WHAT THE EXERCISE ASKS: Line by line, check the data for the string "Gold" and state how many lines have it, nothing more.

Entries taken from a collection
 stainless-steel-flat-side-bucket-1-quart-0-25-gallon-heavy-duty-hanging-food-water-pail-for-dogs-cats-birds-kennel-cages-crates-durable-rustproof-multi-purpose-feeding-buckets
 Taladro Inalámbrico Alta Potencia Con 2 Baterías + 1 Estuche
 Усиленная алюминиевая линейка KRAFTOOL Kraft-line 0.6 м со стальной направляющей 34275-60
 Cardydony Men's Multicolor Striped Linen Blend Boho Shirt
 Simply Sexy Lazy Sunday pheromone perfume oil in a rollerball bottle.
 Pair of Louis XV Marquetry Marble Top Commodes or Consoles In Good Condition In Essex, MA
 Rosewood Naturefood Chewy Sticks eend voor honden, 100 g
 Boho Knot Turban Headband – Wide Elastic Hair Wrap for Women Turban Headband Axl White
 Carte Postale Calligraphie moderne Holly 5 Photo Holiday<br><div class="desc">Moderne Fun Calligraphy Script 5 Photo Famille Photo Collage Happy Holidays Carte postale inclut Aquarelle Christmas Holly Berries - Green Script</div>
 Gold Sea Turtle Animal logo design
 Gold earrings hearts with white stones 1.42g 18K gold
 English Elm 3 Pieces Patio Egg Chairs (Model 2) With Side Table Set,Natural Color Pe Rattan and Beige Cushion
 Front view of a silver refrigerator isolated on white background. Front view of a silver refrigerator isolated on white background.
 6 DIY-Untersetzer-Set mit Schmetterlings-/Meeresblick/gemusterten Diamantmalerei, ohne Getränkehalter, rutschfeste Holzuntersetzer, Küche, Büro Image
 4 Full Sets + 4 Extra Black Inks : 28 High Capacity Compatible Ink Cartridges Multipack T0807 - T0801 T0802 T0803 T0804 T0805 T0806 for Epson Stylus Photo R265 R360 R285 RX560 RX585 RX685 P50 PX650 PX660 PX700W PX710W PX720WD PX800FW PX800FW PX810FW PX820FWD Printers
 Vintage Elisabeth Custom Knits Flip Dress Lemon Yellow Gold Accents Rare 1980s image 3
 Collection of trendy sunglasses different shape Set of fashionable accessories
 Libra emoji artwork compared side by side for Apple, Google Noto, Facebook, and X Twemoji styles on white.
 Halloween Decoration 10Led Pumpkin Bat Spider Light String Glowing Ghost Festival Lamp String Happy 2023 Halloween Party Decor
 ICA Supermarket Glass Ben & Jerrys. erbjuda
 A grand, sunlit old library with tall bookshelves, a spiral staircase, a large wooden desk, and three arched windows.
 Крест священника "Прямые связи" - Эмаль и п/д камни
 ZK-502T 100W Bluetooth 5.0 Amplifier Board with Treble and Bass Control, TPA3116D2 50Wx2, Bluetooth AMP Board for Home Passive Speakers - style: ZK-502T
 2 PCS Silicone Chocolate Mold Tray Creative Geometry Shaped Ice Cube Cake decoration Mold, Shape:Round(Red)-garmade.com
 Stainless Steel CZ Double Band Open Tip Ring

WRITTEN REPLY: 3